(Saved entries)
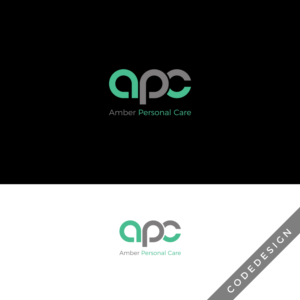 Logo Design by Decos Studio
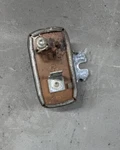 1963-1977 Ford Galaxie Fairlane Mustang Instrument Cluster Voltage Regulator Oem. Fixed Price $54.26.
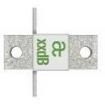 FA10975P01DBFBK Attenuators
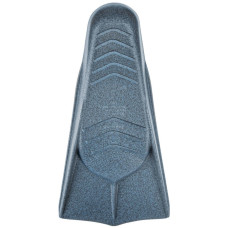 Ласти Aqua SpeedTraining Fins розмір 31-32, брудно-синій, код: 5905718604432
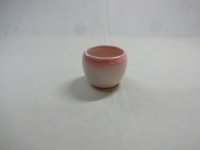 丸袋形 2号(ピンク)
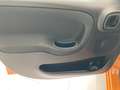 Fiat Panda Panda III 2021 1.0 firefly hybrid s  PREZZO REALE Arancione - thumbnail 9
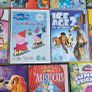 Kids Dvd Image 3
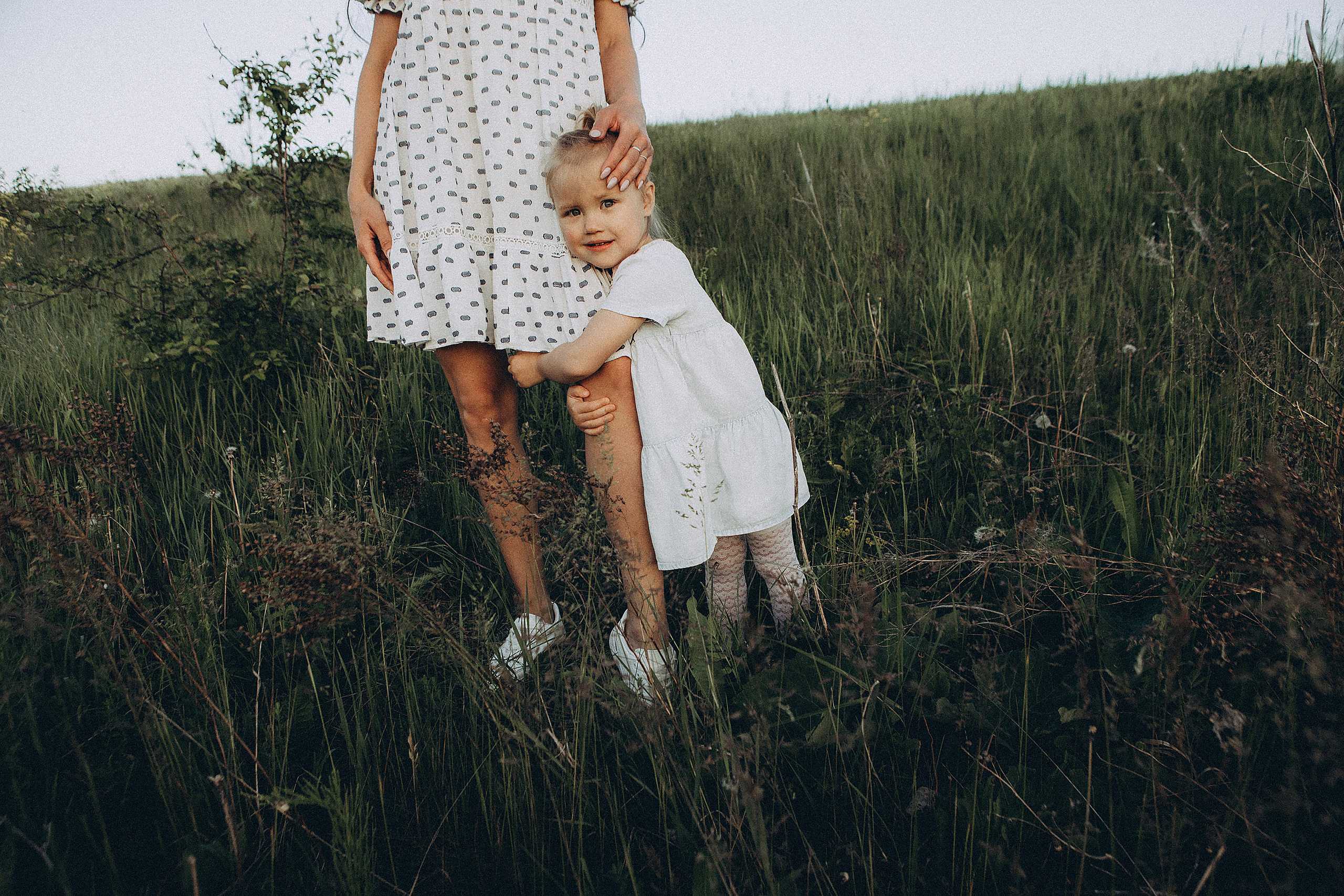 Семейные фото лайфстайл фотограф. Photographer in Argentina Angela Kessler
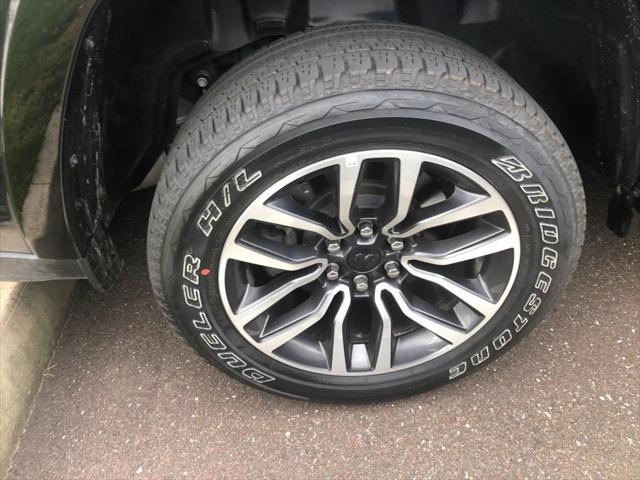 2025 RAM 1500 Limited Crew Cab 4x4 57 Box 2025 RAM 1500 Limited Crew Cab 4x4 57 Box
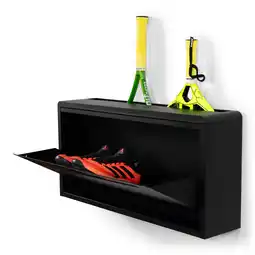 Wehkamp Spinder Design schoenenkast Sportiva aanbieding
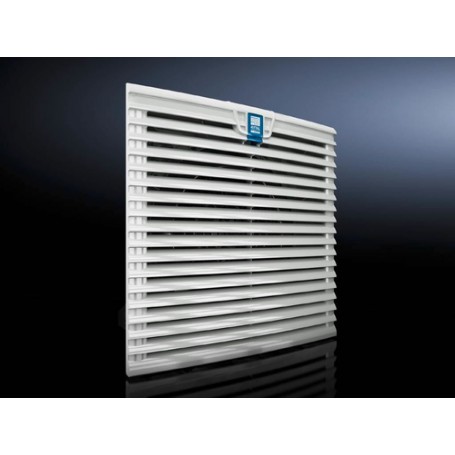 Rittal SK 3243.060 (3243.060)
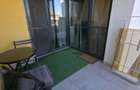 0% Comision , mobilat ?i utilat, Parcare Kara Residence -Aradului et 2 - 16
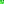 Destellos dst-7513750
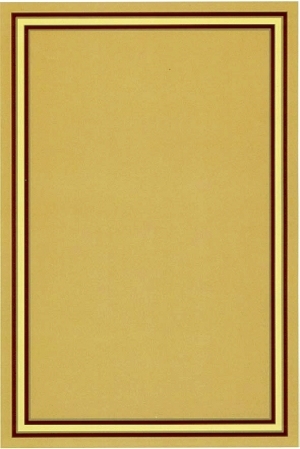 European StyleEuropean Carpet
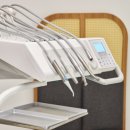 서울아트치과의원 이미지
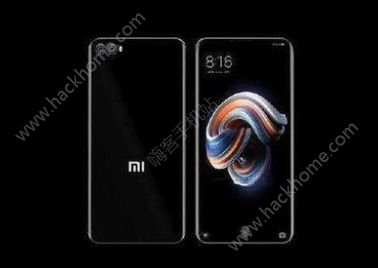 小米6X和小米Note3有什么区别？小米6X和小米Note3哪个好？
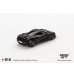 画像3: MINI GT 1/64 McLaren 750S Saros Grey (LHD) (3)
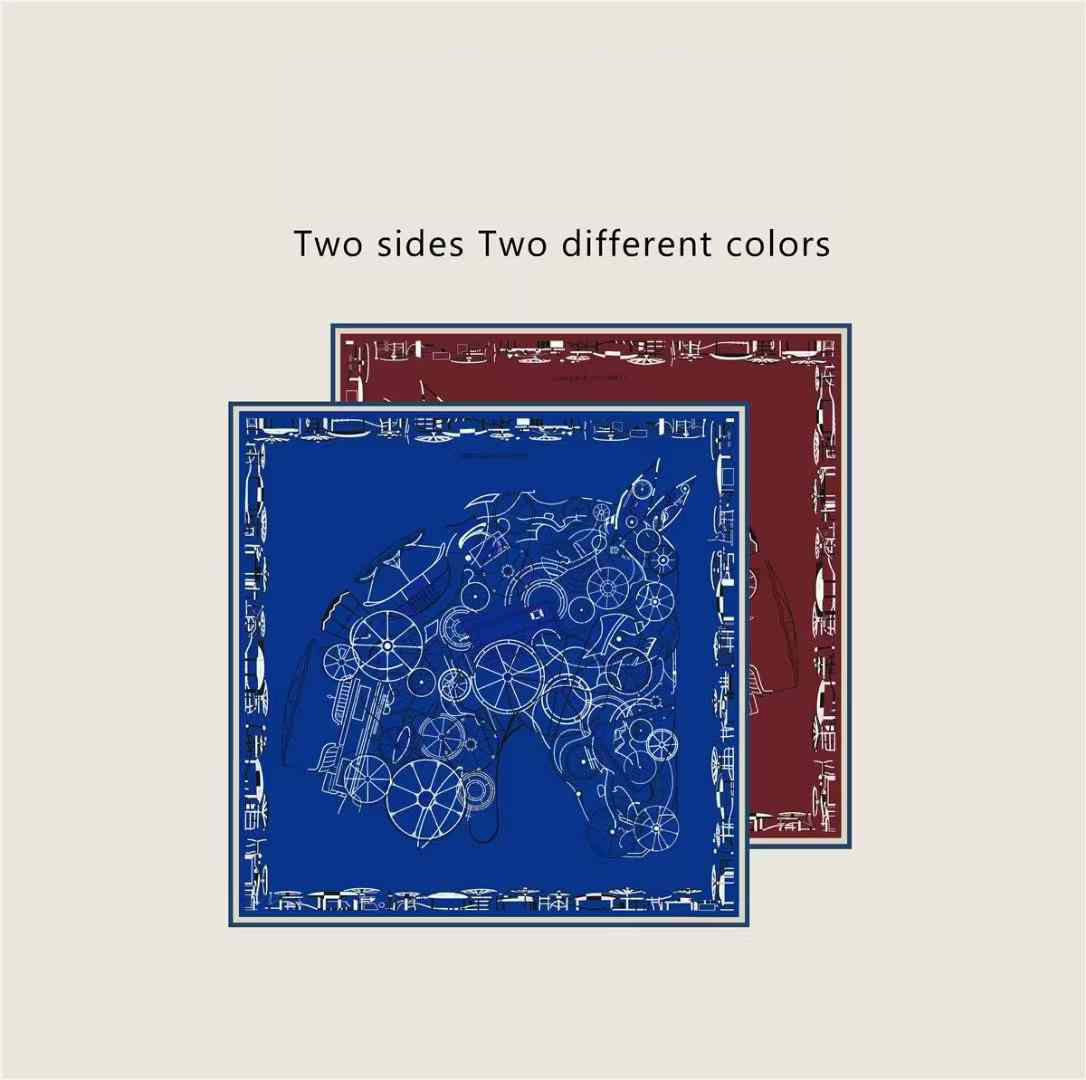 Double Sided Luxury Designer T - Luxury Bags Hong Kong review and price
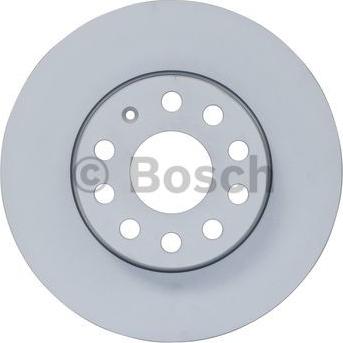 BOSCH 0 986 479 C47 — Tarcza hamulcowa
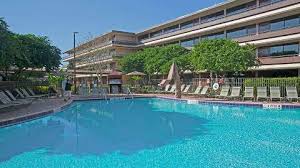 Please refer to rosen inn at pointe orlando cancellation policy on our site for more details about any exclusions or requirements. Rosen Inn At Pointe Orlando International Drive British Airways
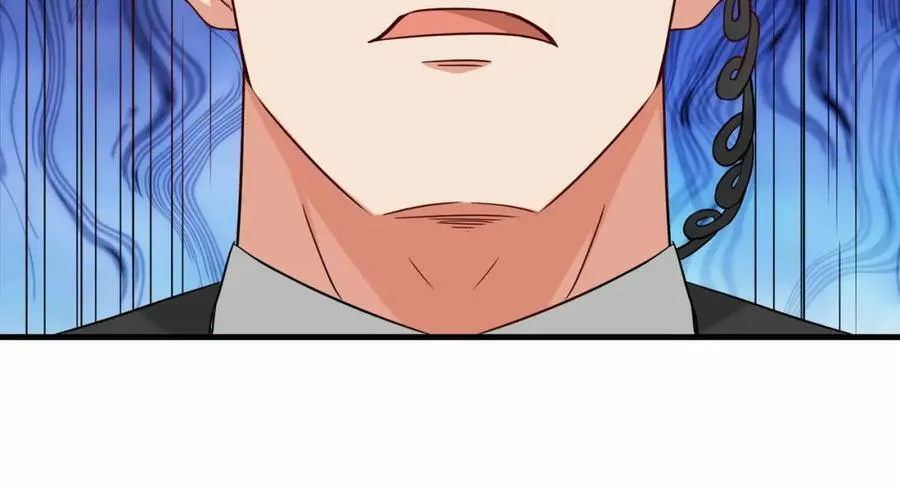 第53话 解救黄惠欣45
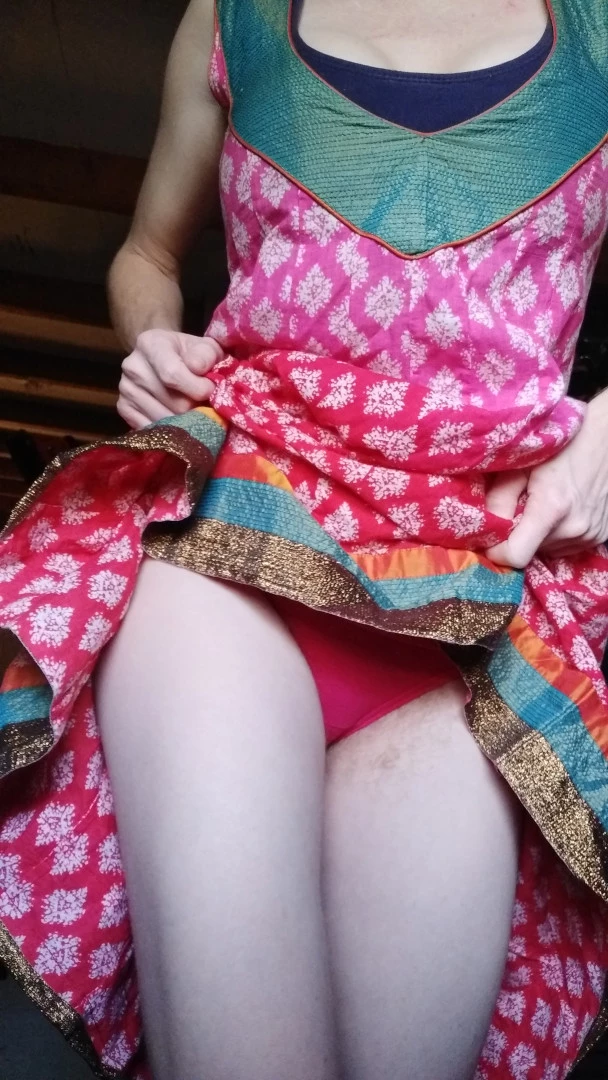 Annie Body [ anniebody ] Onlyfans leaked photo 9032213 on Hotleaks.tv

(DIRECTIONS FOR THIS TASK): Transcribe, from the records above, the first line and every line after it up to and including the line with "Kids Dvd Image 3"; omit pictures.

(RESPONSE BOX):
 Logo Design by Decos Studio
 1963-1977 Ford Galaxie Fairlane Mustang Instrument Cluster Voltage Regulator Oem. Fixed Price $54.26.
 FA10975P01DBFBK Attenuators
 Ласти Aqua SpeedTraining Fins розмір 31-32, брудно-синій, код: 5905718604432
 丸袋形 2号(ピンク)
 Fiat Panda Panda III 2021 1.0 firefly hybrid s  PREZZO REALE Arancione - thumbnail 9
 Kids Dvd Image 3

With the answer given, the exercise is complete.